From the first line to the last, write out the records exactly, leaving out images.

Entries supplied START

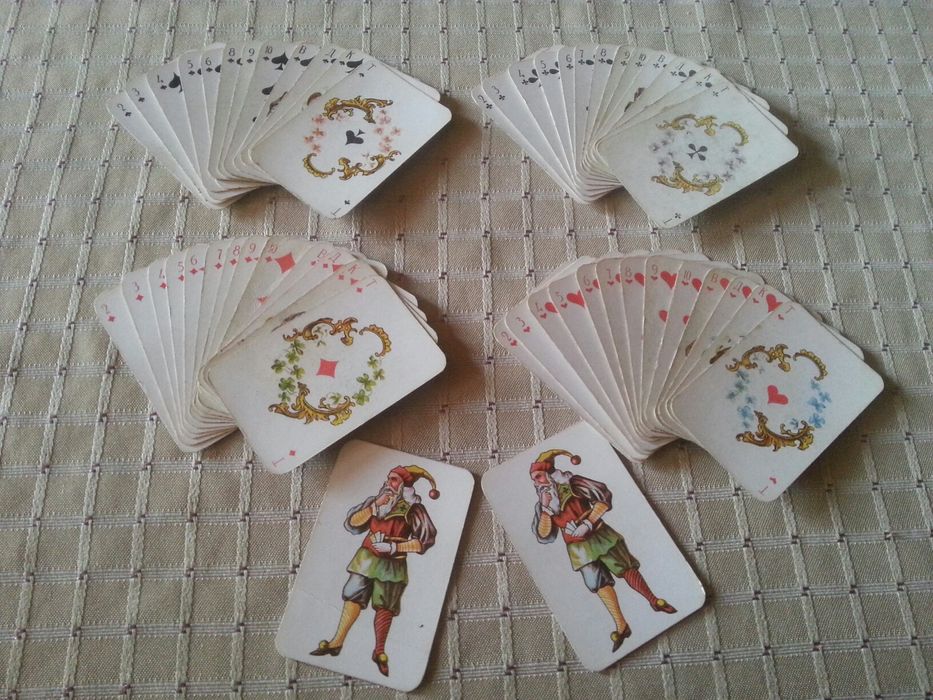 Стари мини карти пълен комплект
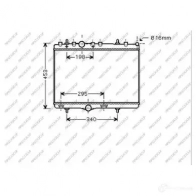 Радиатор охлаждения двигателя PRASCO Peugeot 207 1 (WK, WC, PF1) 2006 – 2014 MN XVC4 CI304R007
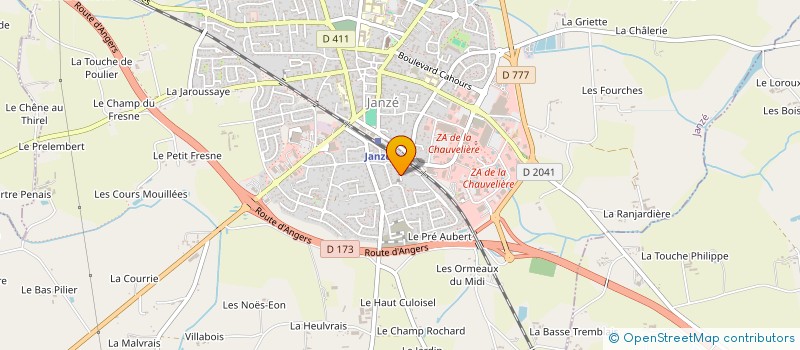 localisation de l'entreprise SAS IMMO V&P  JANZE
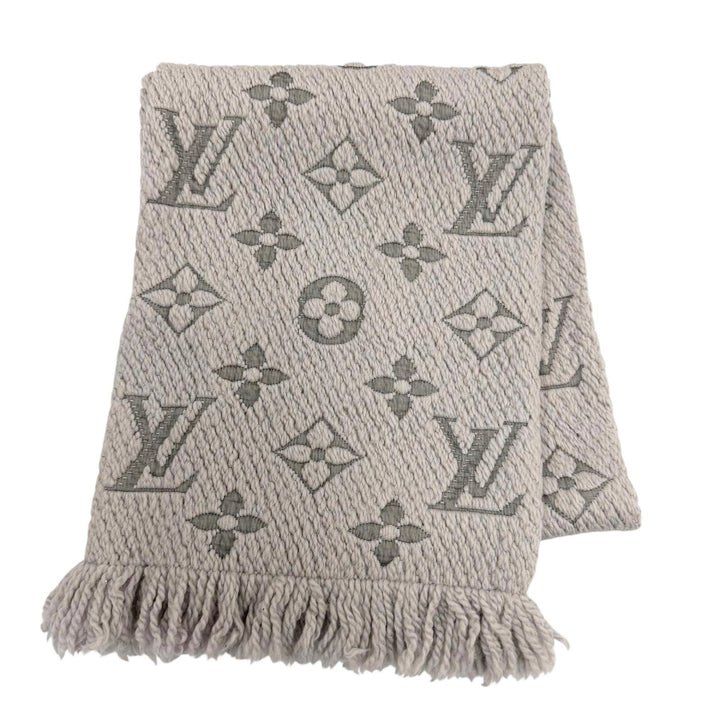 Great LOUIS VUITTON Scarf Esharp Logomania wool Women M74742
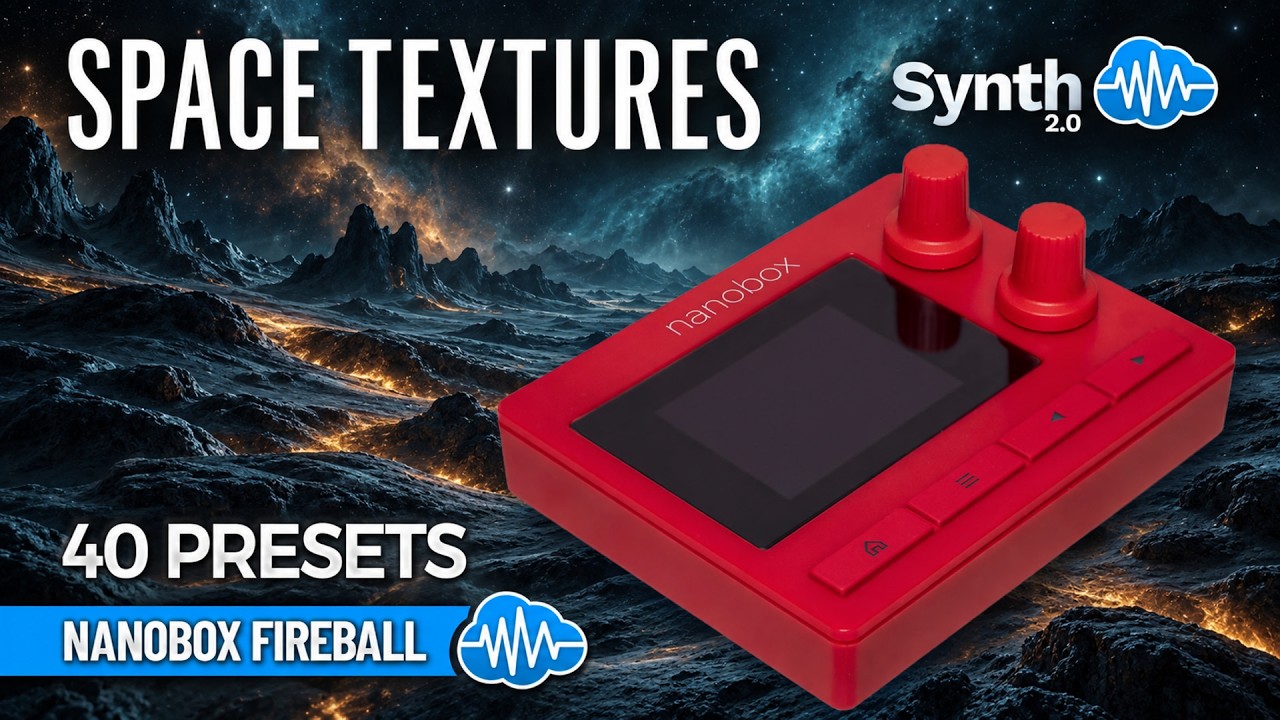 TPL111 - Space Textures - 1010 Music Nanobox Fireball ( 40 presets ) - Video Preview 1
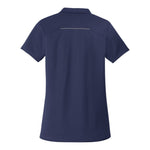 Port Authority L580 Women's Pinpoint Mesh Zip Polo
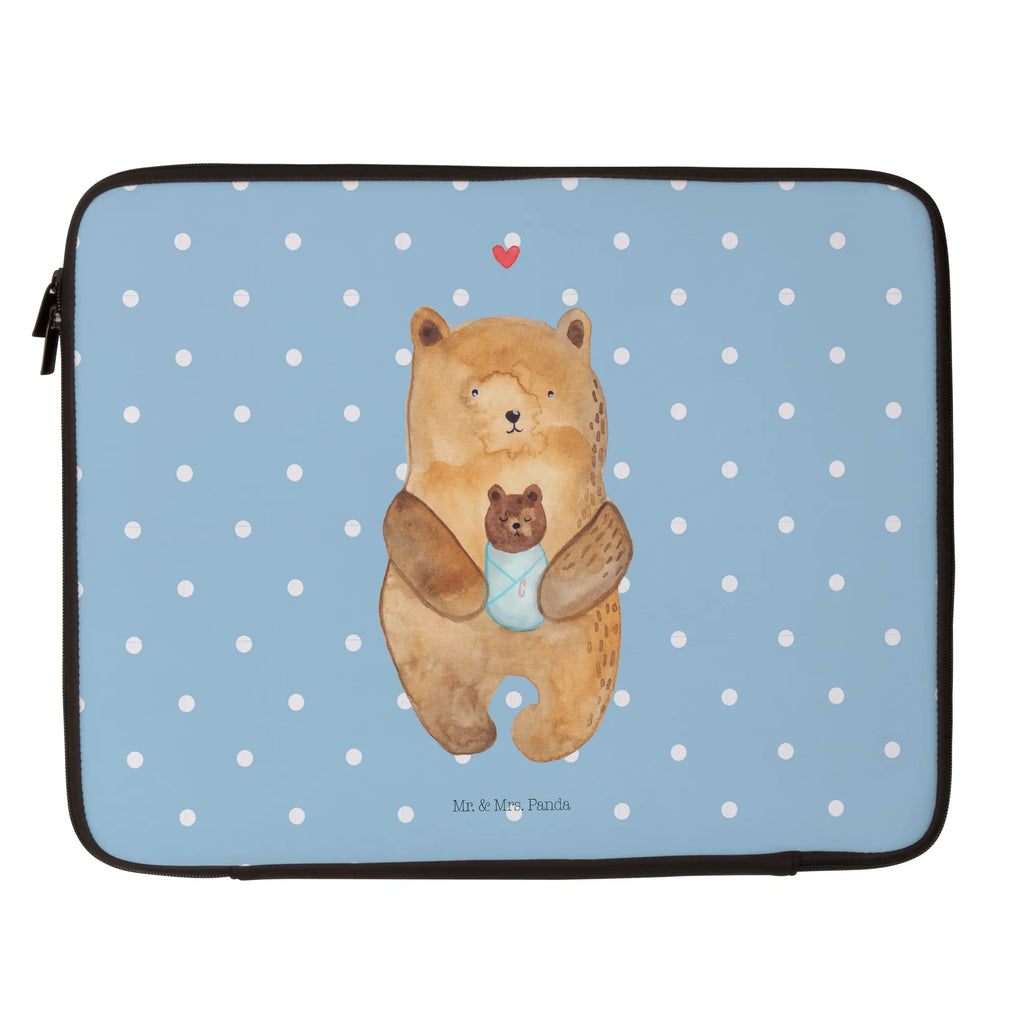 Notebook Tasche Bär Baby Notebook Tasche, Laptop, Computertasche, Tasche, Notebook-Tasche, Notebook-Reisehülle, Notebook Schutz, Bär, Teddy, Teddybär, Eltern, Mutter, Baby, Taufe, Geburt, Nichte, Neffe, Enkel, Enkelin, Täufling, Geburtstag, Glückwunsch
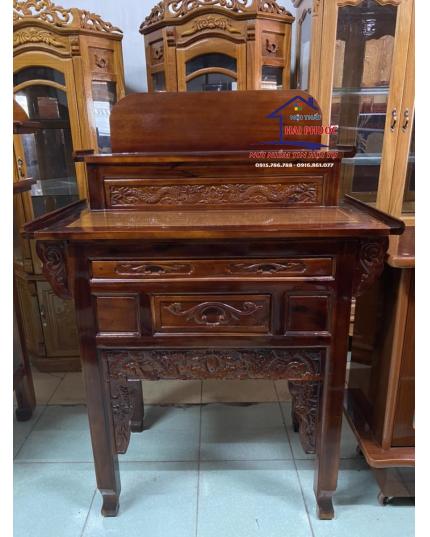 Bàn cúng, bàn thờ 2 tầng gỗ Quỷnh 1m47 BC2TQ147
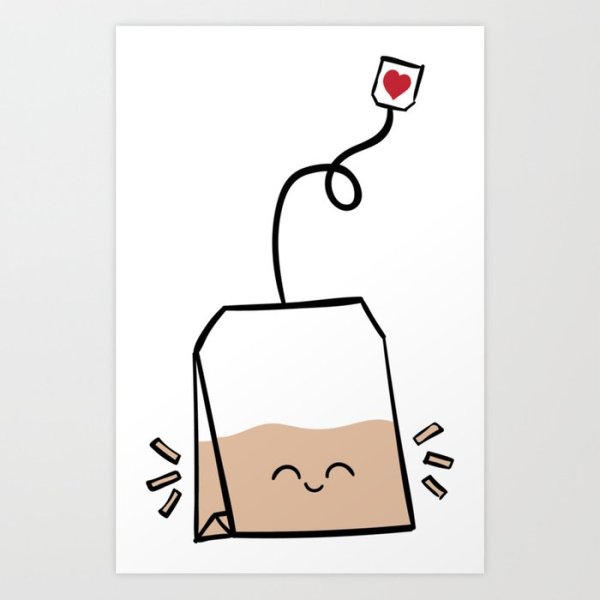 Пакетик с сердечками рисунок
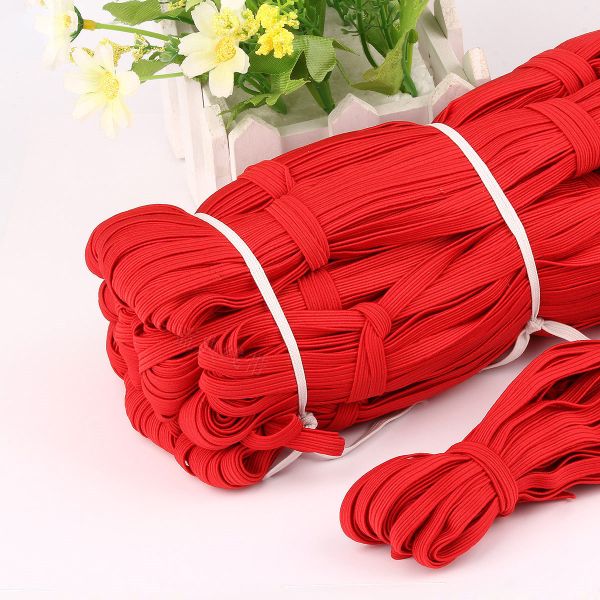 Colorful Round Elastic Cord Polyester Elastic Band For Garment Accessories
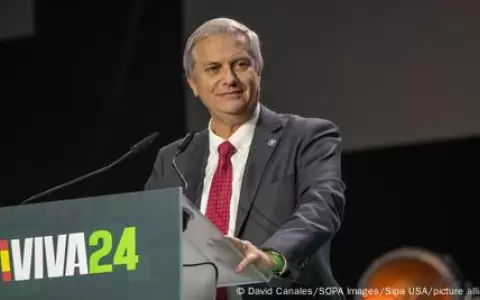 Jos� Antonio Kast durante una cumbre derechista organizada en Madrid por Vox.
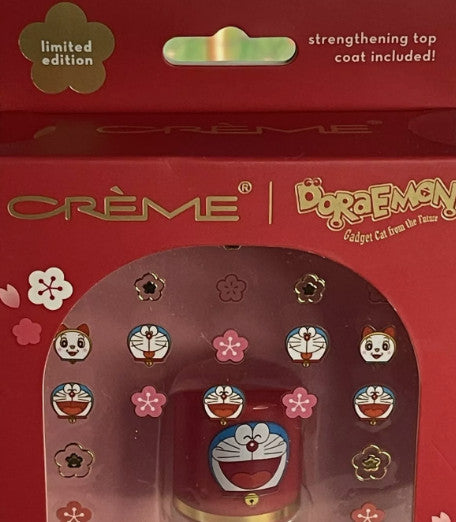 Doraemon Nail Decals & Clear Top Coat Kit for Cute Manicures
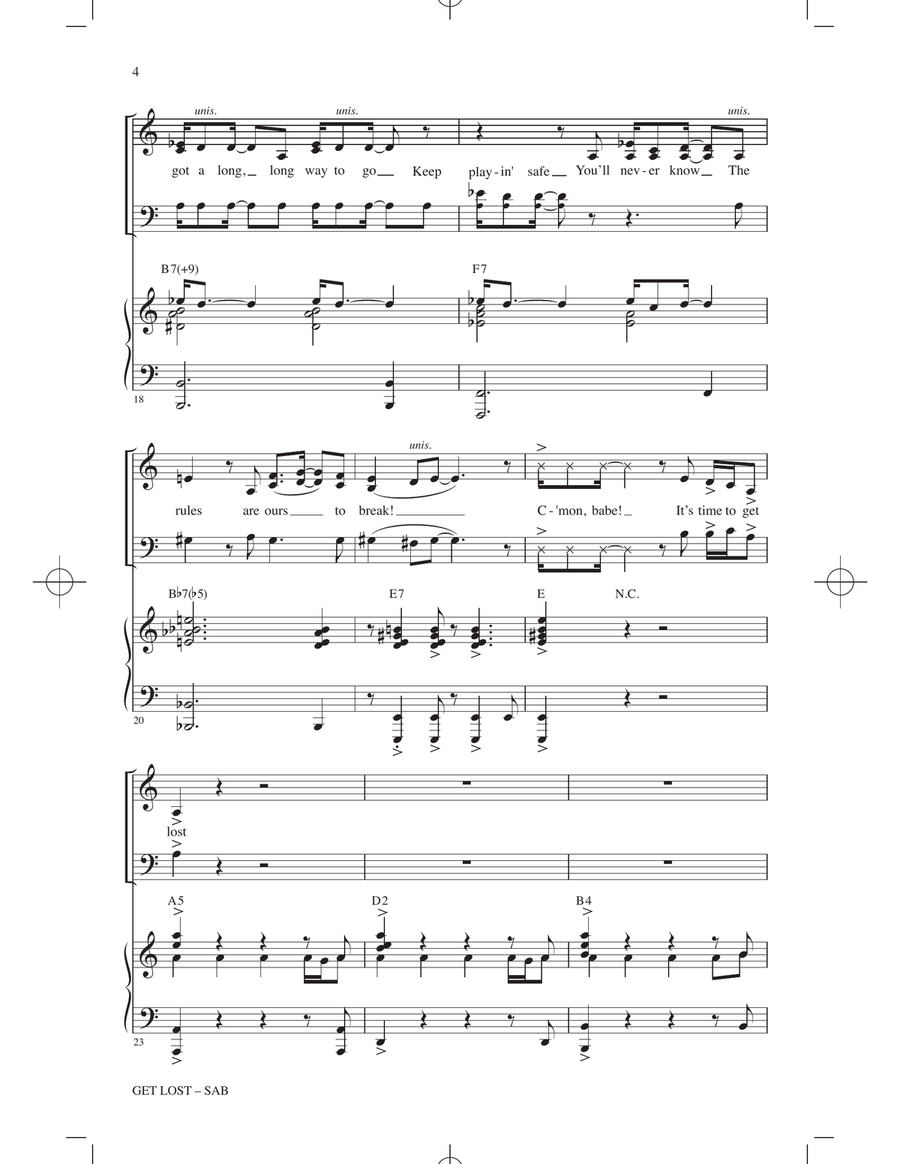 Get Lost (from Moana 2) (arr. Mark Brymer) 3-Part scores gallery preview page 3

Entries supplied END

• Task result:
 Стари мини карти пълен комплект
 Радиатор охлаждения двигателя PRASCO Peugeot 207 1 (WK, WC, PF1) 2006 – 2014 MN XVC4 CI304R007
 localisation de l'entreprise SAS IMMO V&P  JANZE
 Great LOUIS VUITTON Scarf Esharp Logomania wool Women M74742
 TPL111 - Space Textures - 1010 Music Nanobox Fireball ( 40 presets ) - Video Preview 1
 Port Authority L580 Women's Pinpoint Mesh Zip Polo
 Notebook Tasche Bär Baby Notebook Tasche, Laptop, Computertasche, Tasche, Notebook-Tasche, Notebook-Reisehülle, Notebook Schutz, Bär, Teddy, Teddybär, Eltern, Mutter, Baby, Taufe, Geburt, Nichte, Neffe, Enkel, Enkelin, Täufling, Geburtstag, Glückwunsch
 Bàn cúng, bàn thờ 2 tầng gỗ Quỷnh 1m47 BC2TQ147
 Пакетик с сердечками рисунок
 Colorful Round Elastic Cord Polyester Elastic Band For Garment Accessories
 Jos� Antonio Kast durante una cumbre derechista organizada en Madrid por Vox.
 Doraemon Nail Decals & Clear Top Coat Kit for Cute Manicures
 Get Lost (from Moana 2) (arr. Mark Brymer) 3-Part scores gallery preview page 3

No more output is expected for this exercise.